Crazy Weather

After our one to several feet of snow in February, we are now spending what is usually a rainy April and May basking in the sunshine of 60-80 degree days.  Should we move the cacti and succulents out?  Will we still get some of those 45 degree rainy days?  It’s hard to tell at this point.  Predictions are for another hot summer and a dry one.  Our rain barrels are all full but the water won’t last long as we are already watering plants on the deck from our rainwater stash.

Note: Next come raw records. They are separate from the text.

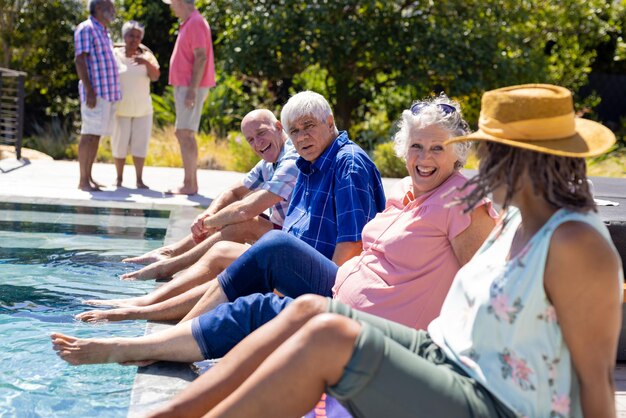 Gelukkige senior diverse mensen zitten bij het zwembad en lachend in de tuin. Senior levensstijl, vriendschap en ontspanning, zomer, pensioen, ongewijzigd.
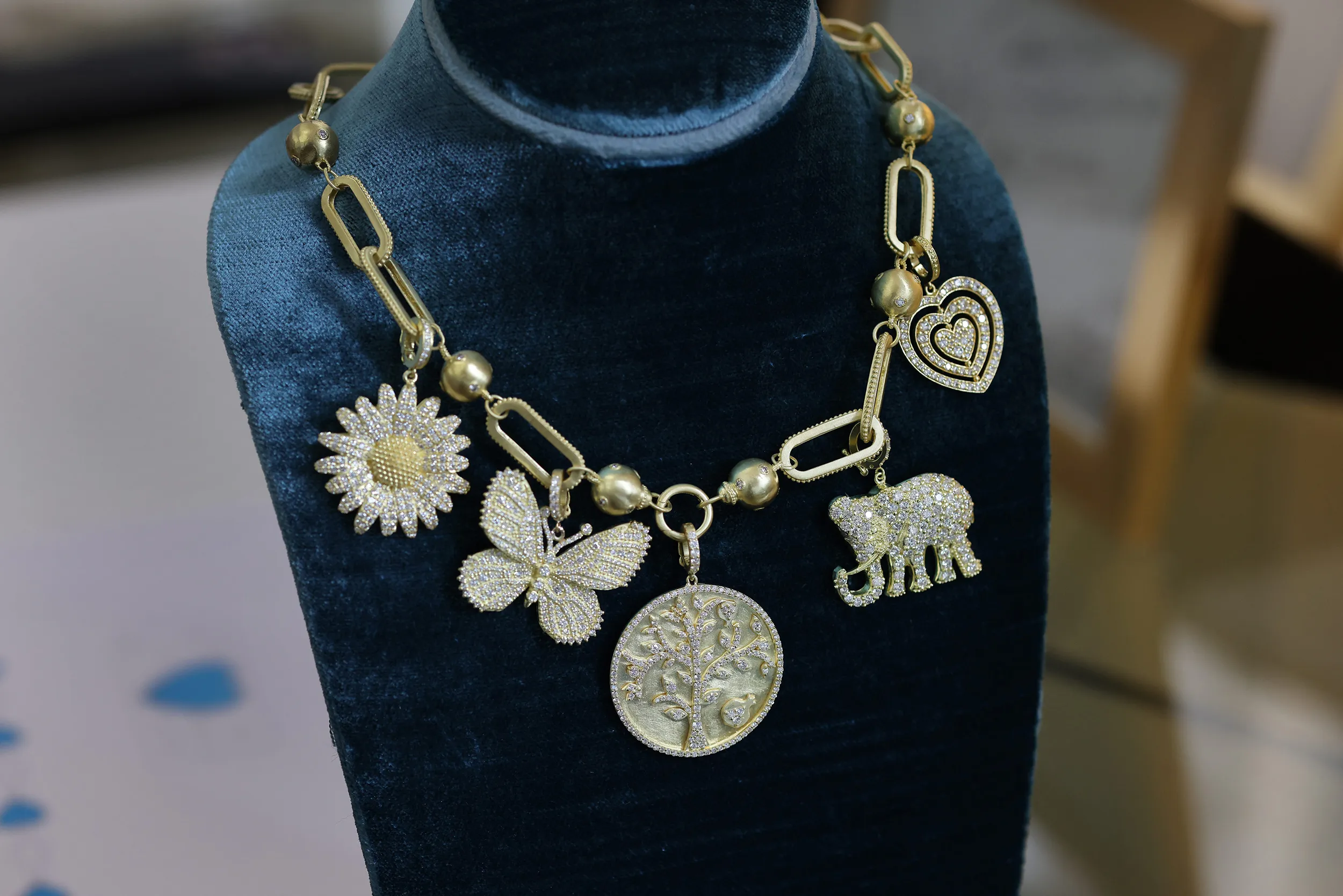 <p>The Tanya Farah Fine Jewelry ‘build your own’ charm necklace with butterfly, elephant, tree of life, heart and daisy-inspired charms with diamonds in 18k yellow gold</p>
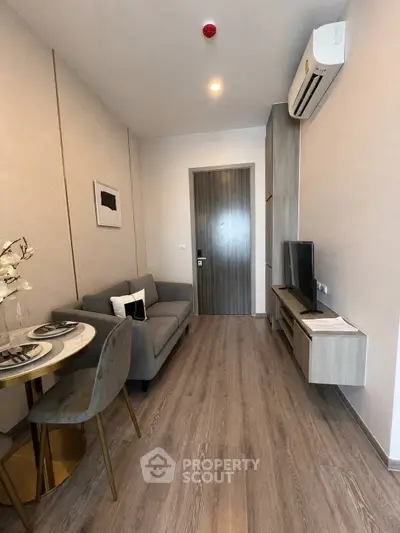 Modern living room with sleek furniture and air conditioning in a stylish apartment.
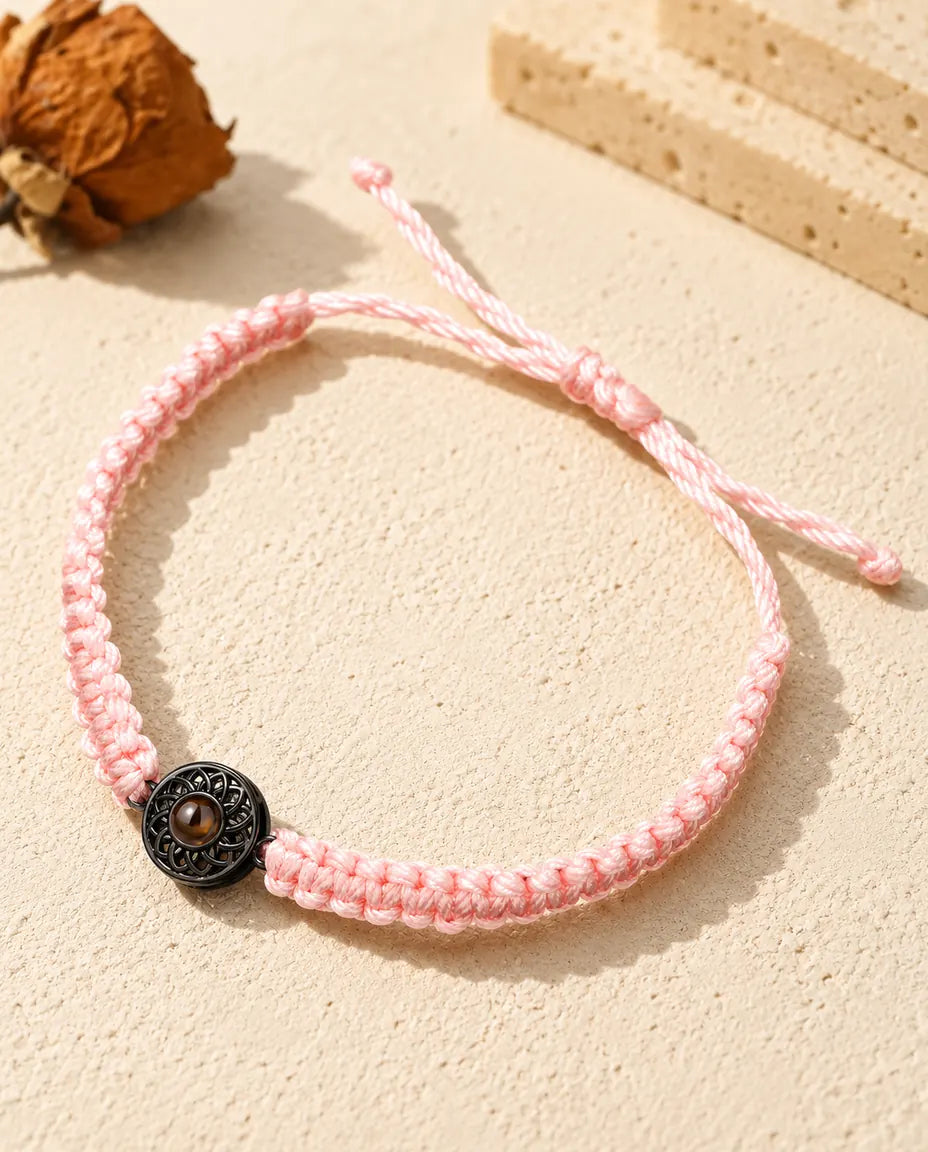 Armband mit rosa Flechtband, schwarzem Rund-Charm und braunem Bildstein auf hellem Gips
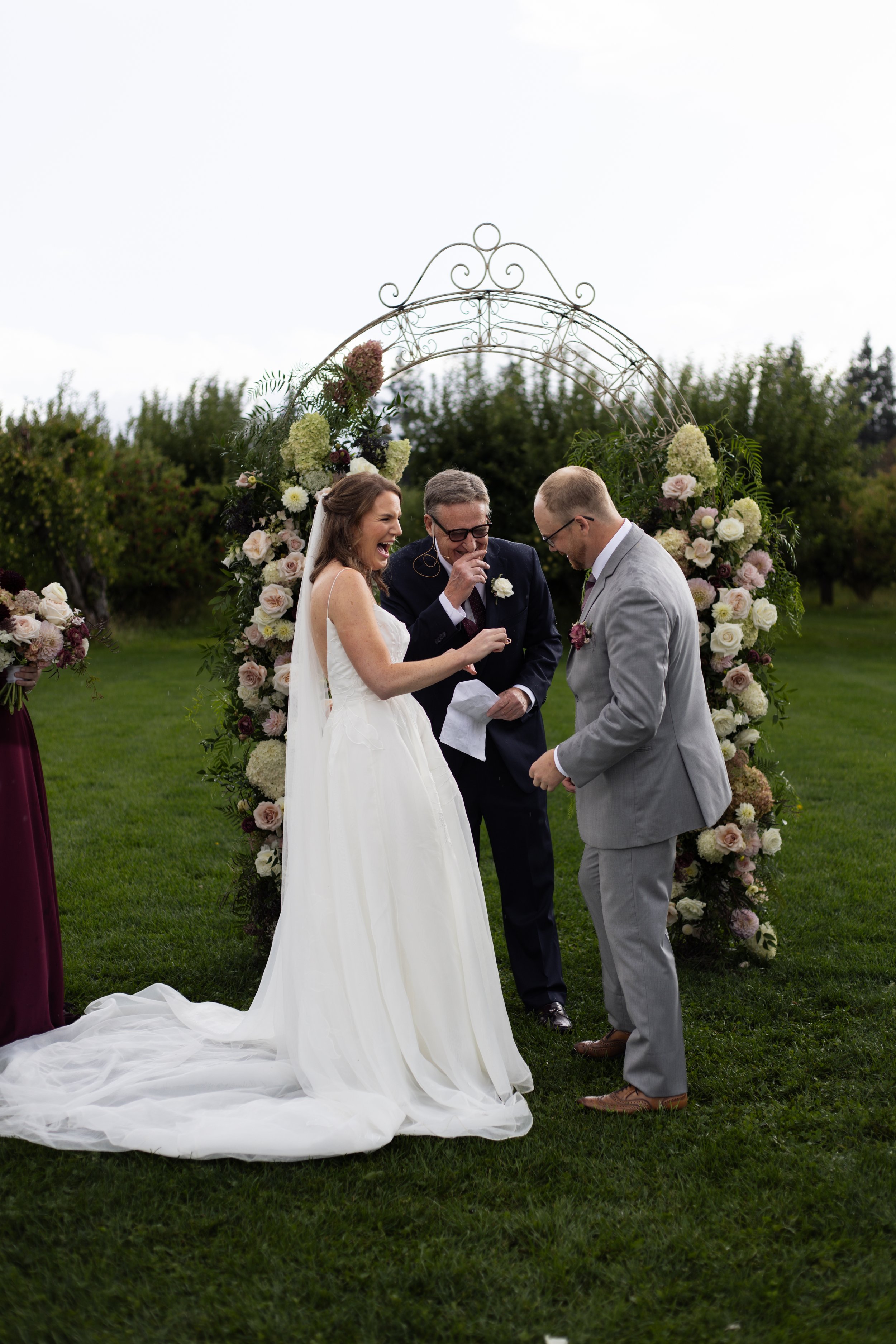 A wedding ceremony outdoors with a bride in a white gown and a groom in a light gray suit, exchanging vows under a floral arch with an officiant in a dark suit.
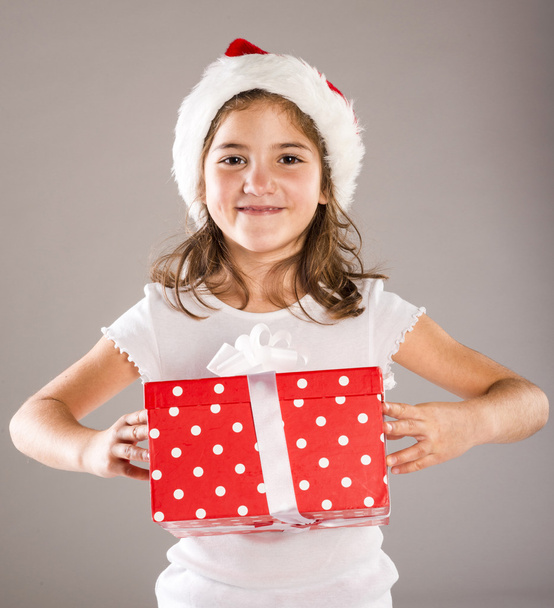 Small girl in santa hat with christmas gift - Fotó, kép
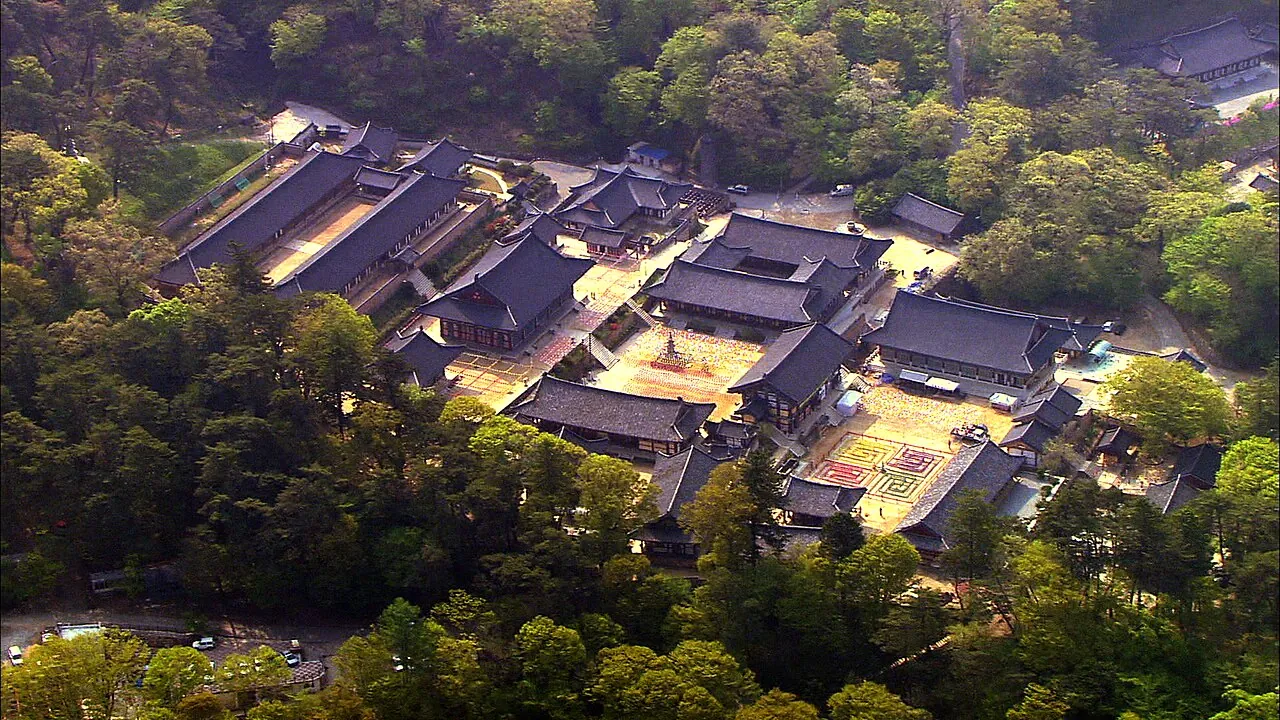 Aerial view of the Haeinsa temple complex surrounded by dense forest on Gayasan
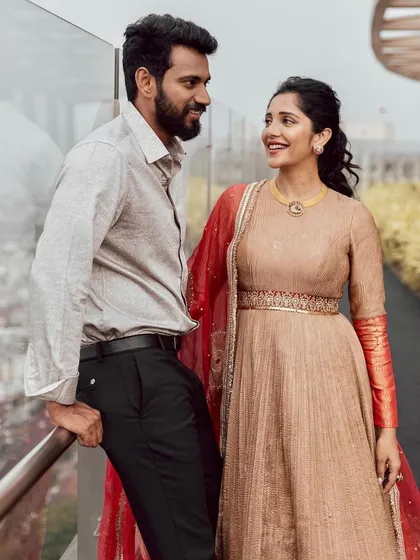 A candid moment between Milana Nagaraj and her partner, with her looking beautiful in our beige and red Anarkali set.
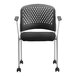 A black Eurotech office side chair with wheels and a white back.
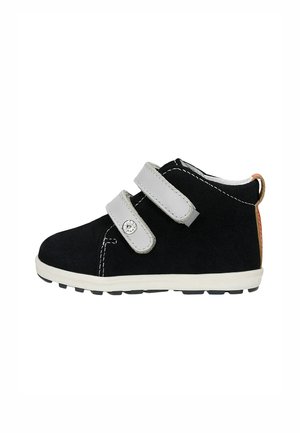Zapato negro para niño pequeño con tiras dobles de velcro blancas, costuras blancas y suela blanca con banda de rodadura negra.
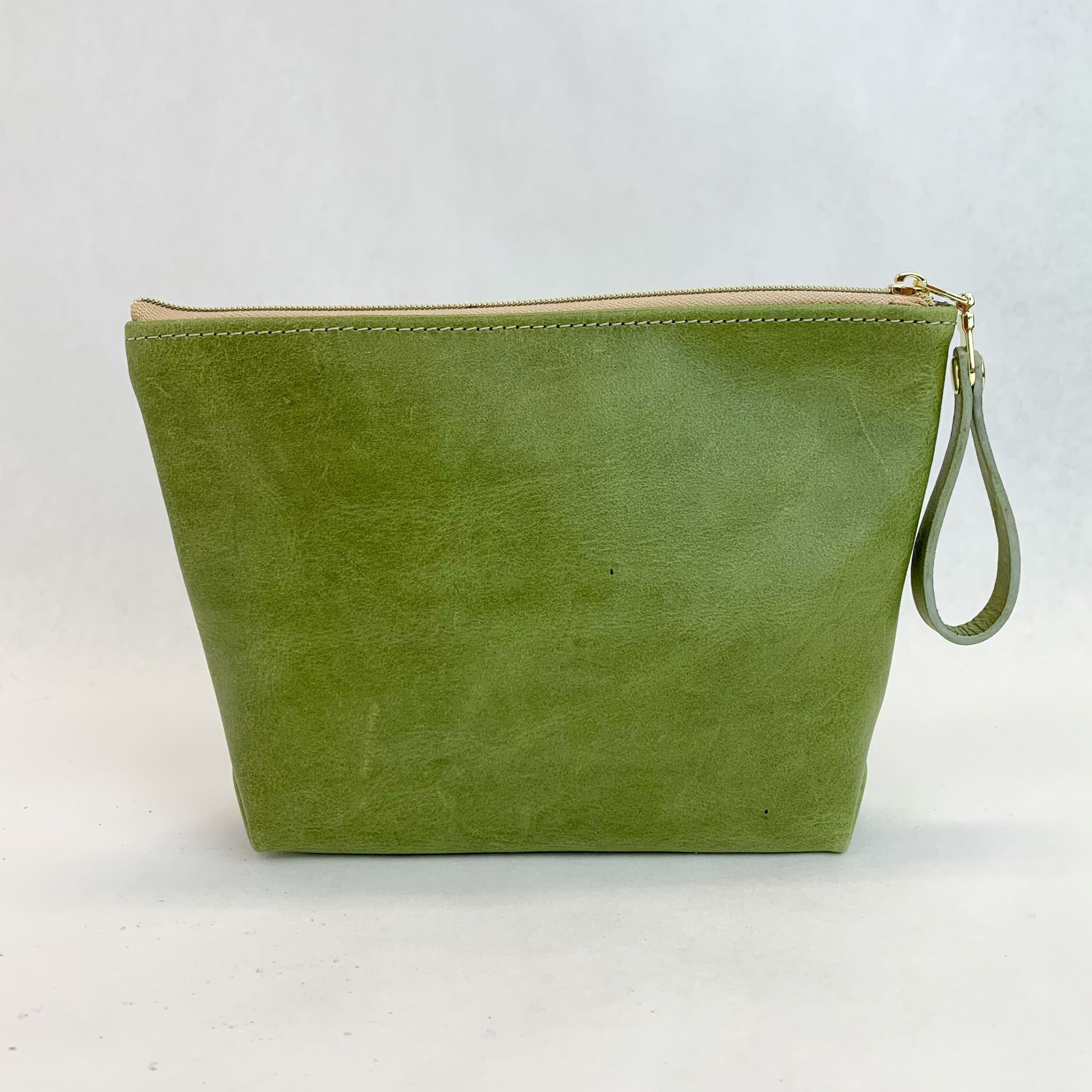 Back view T5 Cosmetics case toiletry bag designer handcrafted in smooth calf leather in aloe green.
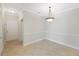 Dining room with tile floors and a decorative chandelier is well-lit by natural light at 2747 Via Capri # 1122, Clearwater, FL 33764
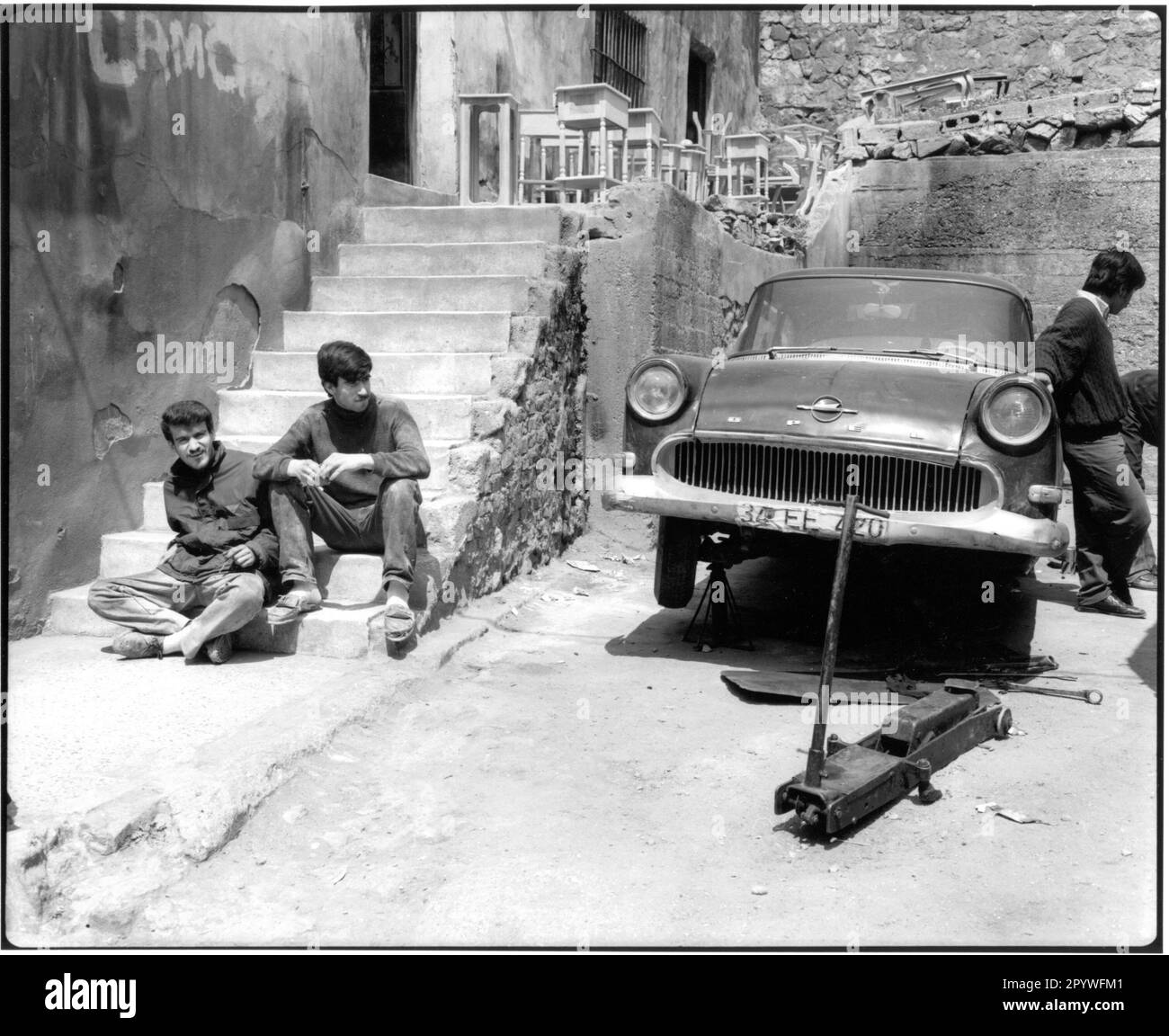 Istanbul (Turchia). Street scene: Uomini durante la pausa pranzo (quartiere Beyoglu) accanto a un vecchio, saccheggiato Opel, auto in riparazione. Bianco e nero. Foto, 1994. Foto Stock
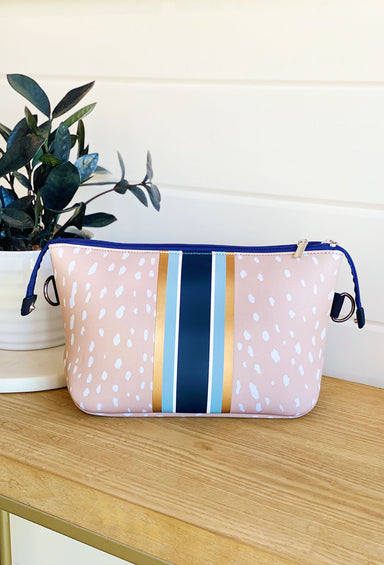 The Ann Neoprene Large Cosmetic, tan fawn print with navy blue zipper, light blue, white, navy and gold stripe down middle 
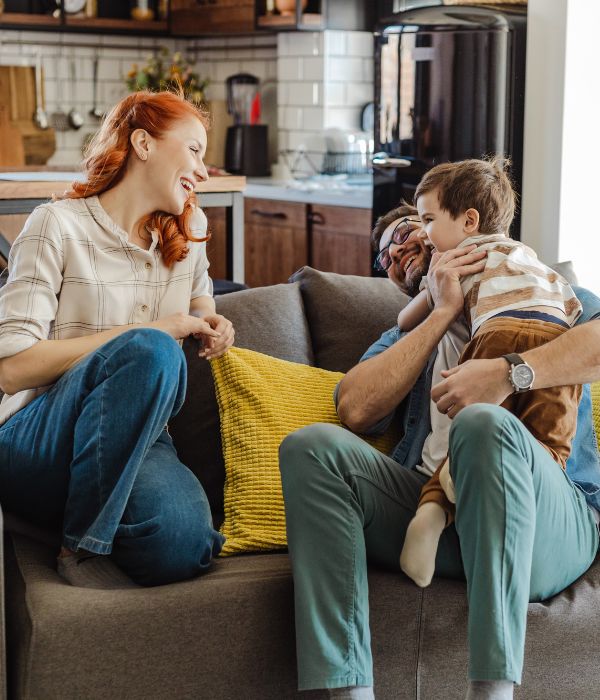 image of a happy family in a living room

Many of our members are enjoying large dinner plate sized blooms on their epiphyllums.  At our April meeting, one of our most ardent brag plant presenters brought in an array of orchids and bulbs in bloom.  Another member brought in a breathtaking red epiphyllum with blooms at least 8 inches across.  In both cases, the plants are grown in greenhouses.  Our plants, grown in our home, tend to bloom later in June or July once they get outdoors.

Photo by Karen Summers
Ferocactus wislizeni seedlings
Photo by Karen Summers

At the other end of the spectrum, seeds sown on March 20, 2019 have grown and are eagerly crowding out their neighbors.  One of the things I’ve found that promotes the growth of seedlings is to crowd them.

I plant thickly on purpose and let them jostle each other for a year or two.  I’ve found that the survival rate seems increased as a result of this.  I’m not claiming a high survival rate, just an increased one.

On April 10, we were called into action to drive 3 hours to an area east of Wenatchee to retrieve many plants from the home of one of our members who was selling her property.  It was a dry day, breezy and with a spring feel to it.  We stood out in the middle of this beautiful piece of land- rocky and grassy with a wide open skies feel to it.

We pruned many varieties of  Opuntia paddles, dug Lewisia from their rocky home, and tackled some of the Cholla and Yucca.  It seemed that most of what was growing competed for the longest, nastiest spines.  After bringing them home, many of the Opuntia paddles were taken to our April meeting where they were snapped up by members using salad tongs.  Some were planted for our fall sale.  Lewisia cotyledon were potted  up and regardless of the upset of the move have been bursting into bloom.

Spring is a wonderful time of year – so much to do outdoors and with the plants.  Each day brings new growth, new blooms, and a stronger connection to the natural cycle of plants.